§ **What you have to do**
Copy exactly the lines from the one containing "Kuaförlerden miniklere yeni yıl sürprizi" through the last line of the records below, both included, and leave out the pictures.

(Saved data entries)
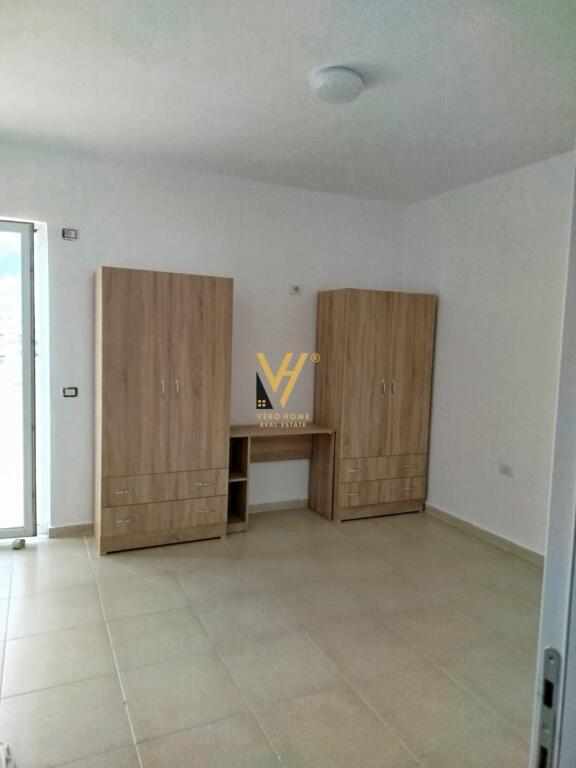 JEPET APARTAMENT 2+1+2 ME QERA NE MISTO MAME 600 EURO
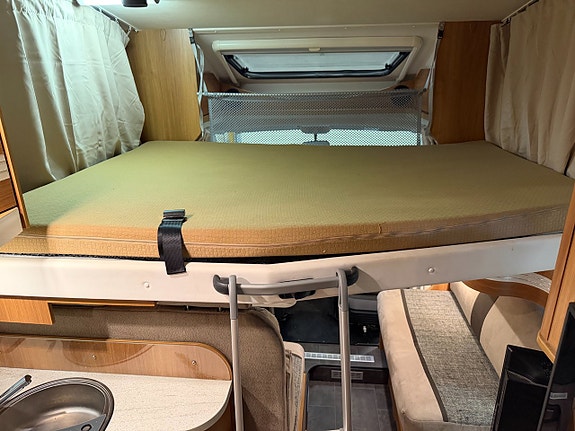 Dethleffs T 7151-4 Magic Edition DBM ALDE, Queenbed, Taksäng 8 of 15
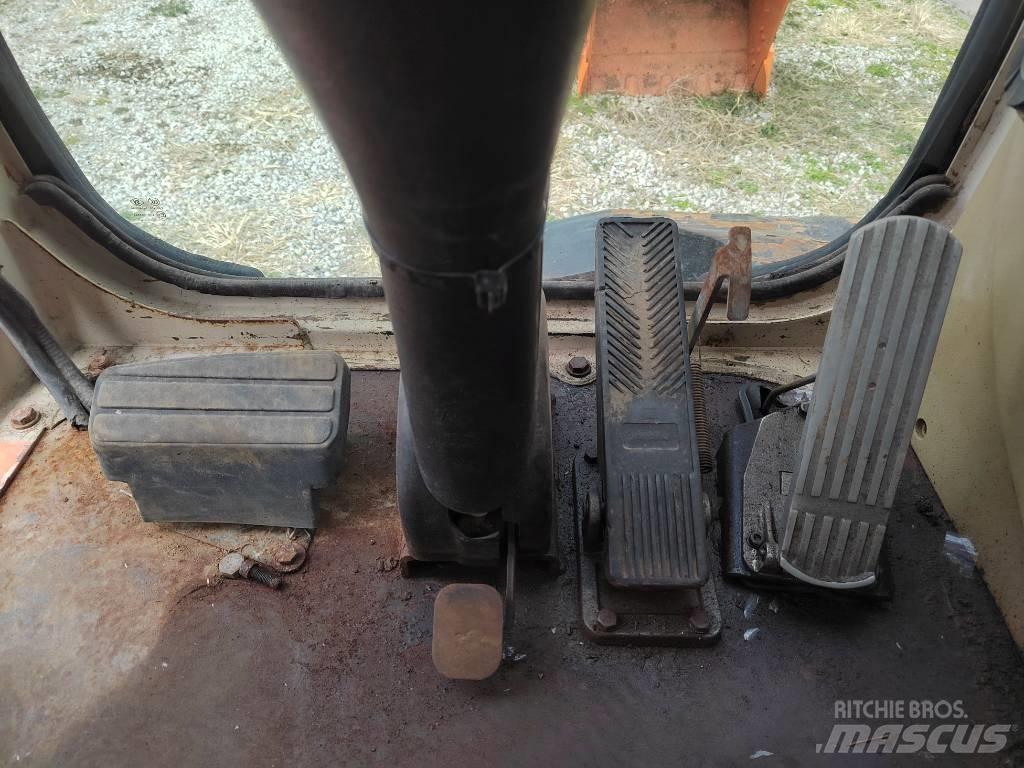 Doosan DH 210 W-7 Ratasekskavaatorid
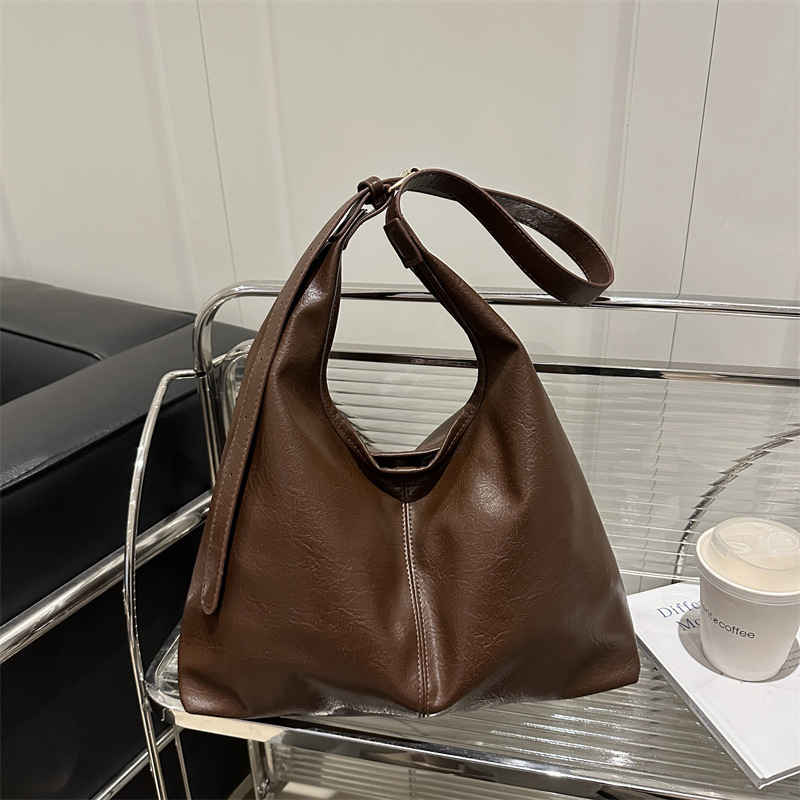 Stylish Large-Capacity Winter Personalized Shoulder Bag 3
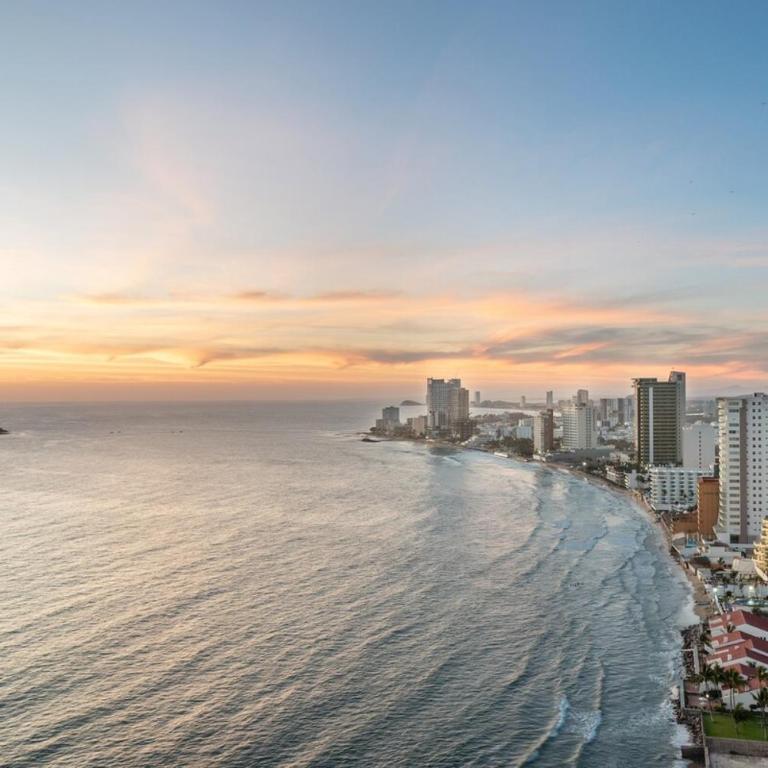 Beautiful View on the 23rd Floor Beach Front - Three-Bedroom Apartment - 10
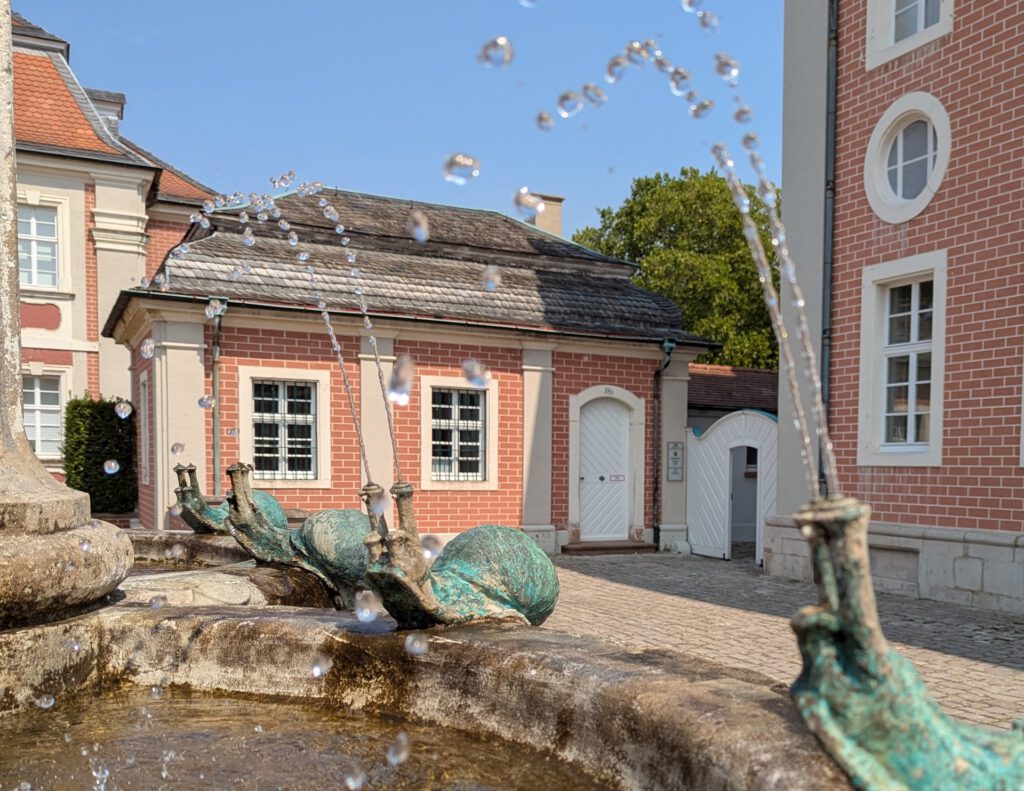 Amalienbrunnen in Bruchsal. Das Wasser spritzt bei diesem Brunnen aus Schneckenfühlern, total niedlch.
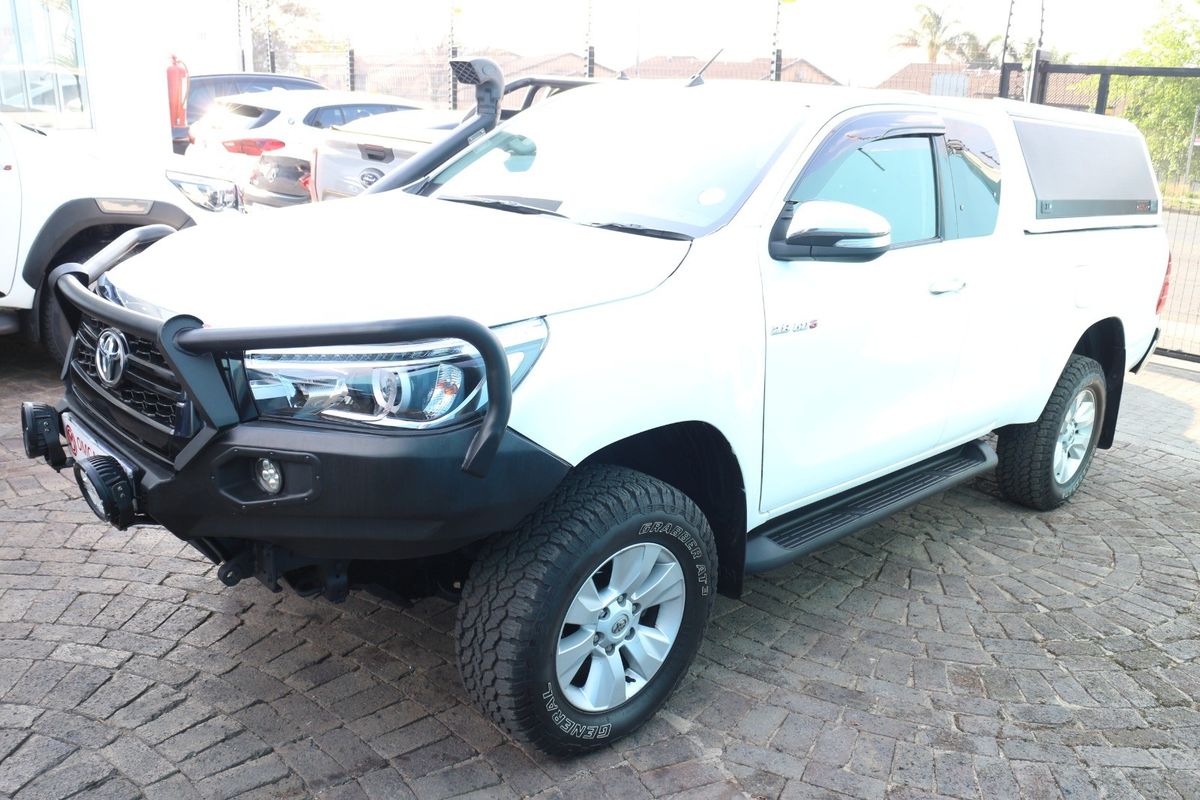 2016 Toyota Hilux 2.8 GD-6 Raider 4x4 Extended Cab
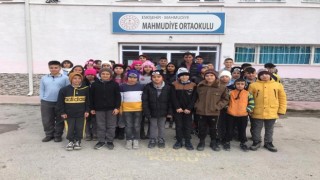 Kuaförlerden miniklere yeni yıl sürprizi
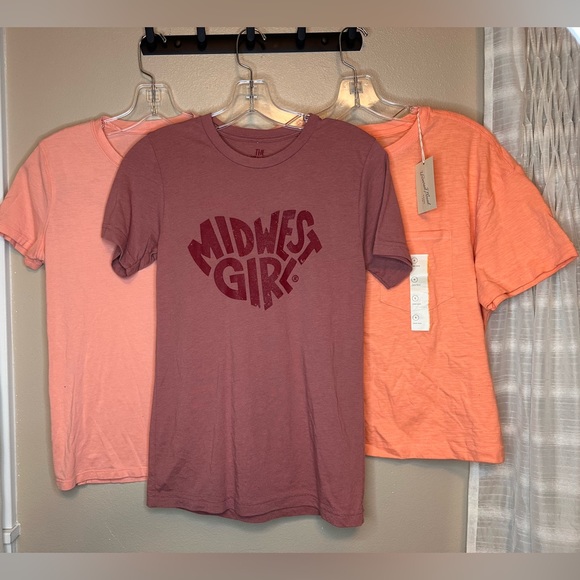 Carhartt Tops - Lot of 3 Women’s T-shirts Size XS/S Midwest Girl Carhartt Universal Thread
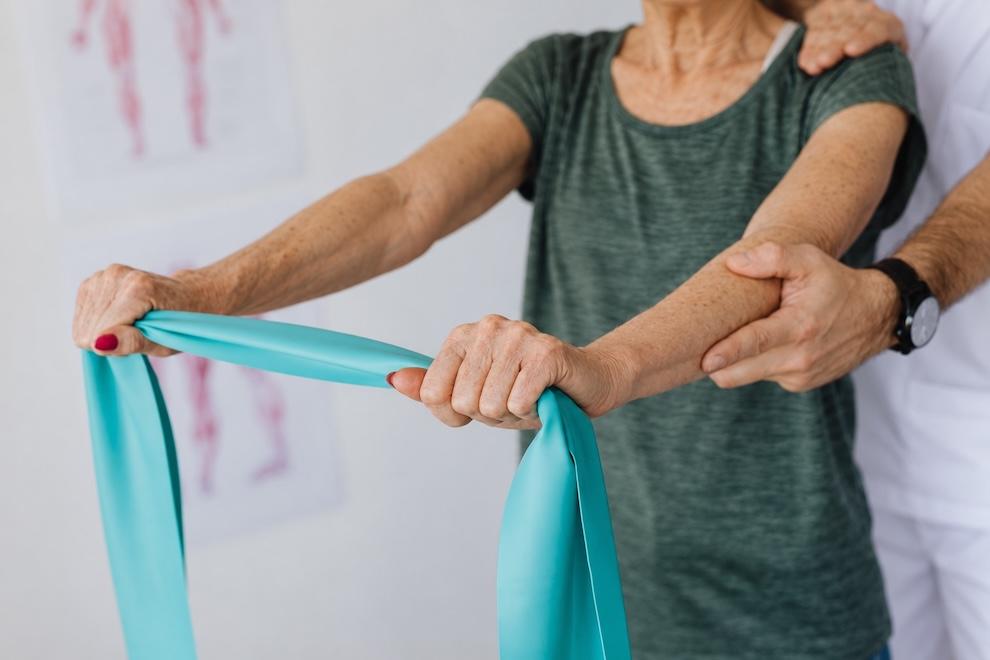 Fisioterapia a domicilio para mayores en Madrid 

§ **Task result**
 Kuaförlerden miniklere yeni yıl sürprizi
 Carhartt Tops - Lot of 3 Women’s T-shirts Size XS/S Midwest Girl Carhartt Universal Thread
 Fisioterapia a domicilio para mayores en Madrid 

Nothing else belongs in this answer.